Write IO breakups on linux?

302 Views Asked by At

My application is using O_DIRECT for flushing 2MB worth of data directly to a 3-way-stripe storage (mounted as an lvm volume)..

I am getting a very pathetic write speed on this storage. The iostat shows that the large request size is being broken into smaller ones.

avgrq-sz is <20... There aren't much read on that drive.

It takes around 2 seconds to flush down 2MB worth of contiguous memory blocks (using mlock to assure that), sector aligned (using posix_memalign), whereas tests with dd and iozone rate the storage capable of > 20Mbps of write speed.

I would appreciate any clues on how to investigate this issue further.

PS: If this is not the right forum for this query, I would appreciate indicators to a one that could be helpful.

Thanks.

1

There are 1 best solutions below

0
On

Write IO breakups on linux?

The disk itself may have a maximum request size, there is a tradeoff being block size and latency (the bigger the request being sent to the disk the longer it will likely take to to be consumed) and there can be constraints on how much vectored I/O a driver can consume in a single request. Given all the above, the kernel is going to "break up" single requests that are too large when submitting further down the stack.

I would appreciate any clues on how to investigate this issue further.

Unfortunately it's hard to say why the avgrq-sz is so small (if its in sectors that about 10KBytes per I/O) without seeing the code actually submitting the I/O (maybe your program is submitting 10KByte buffers?).

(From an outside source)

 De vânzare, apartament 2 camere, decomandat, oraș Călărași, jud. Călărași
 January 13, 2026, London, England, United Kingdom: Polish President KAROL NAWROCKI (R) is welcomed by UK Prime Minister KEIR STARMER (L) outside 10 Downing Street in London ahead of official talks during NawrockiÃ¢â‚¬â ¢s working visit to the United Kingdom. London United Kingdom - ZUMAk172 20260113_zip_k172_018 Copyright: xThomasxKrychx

We also don't know if iozone and dd were using O_DIRECT during the questioners test. If they weren't then their I/O would have been going into the write back cache and then streamed out later and the kernel can do that in a more optimal fashion.

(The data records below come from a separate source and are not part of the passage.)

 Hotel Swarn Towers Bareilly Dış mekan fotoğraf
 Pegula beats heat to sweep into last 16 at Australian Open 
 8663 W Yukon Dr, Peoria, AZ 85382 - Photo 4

Note: Using O_DIRECT is NOT a go faster stripe. In the right circumstances O_DIRECT can lower overhead BUT writing O_DIRECTly to do disk increases the pressure on you to submit I/O in parallel (e.g. via AIO/io_uring or via multiple processes/threads) if you want to reach the highest possible throughput because you have robbed the kernel of its best way of creating parallel submission to the device for you.